____ Given records

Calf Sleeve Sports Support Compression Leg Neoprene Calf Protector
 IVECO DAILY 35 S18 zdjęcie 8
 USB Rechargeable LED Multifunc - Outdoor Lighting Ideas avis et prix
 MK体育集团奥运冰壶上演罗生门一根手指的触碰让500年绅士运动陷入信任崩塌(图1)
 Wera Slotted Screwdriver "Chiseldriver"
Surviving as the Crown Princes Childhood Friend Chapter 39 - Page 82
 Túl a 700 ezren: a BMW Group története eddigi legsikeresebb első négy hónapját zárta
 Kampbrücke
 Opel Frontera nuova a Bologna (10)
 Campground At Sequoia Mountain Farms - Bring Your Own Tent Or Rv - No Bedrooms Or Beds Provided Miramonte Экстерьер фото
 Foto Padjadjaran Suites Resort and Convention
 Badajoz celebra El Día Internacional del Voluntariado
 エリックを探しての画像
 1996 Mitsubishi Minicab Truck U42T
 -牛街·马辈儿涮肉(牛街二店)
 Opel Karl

________

Exercise aim: Going through the data above, return each line with the word "Opel".

The completed task:
 Opel Frontera nuova a Bologna (10)
 Opel Karl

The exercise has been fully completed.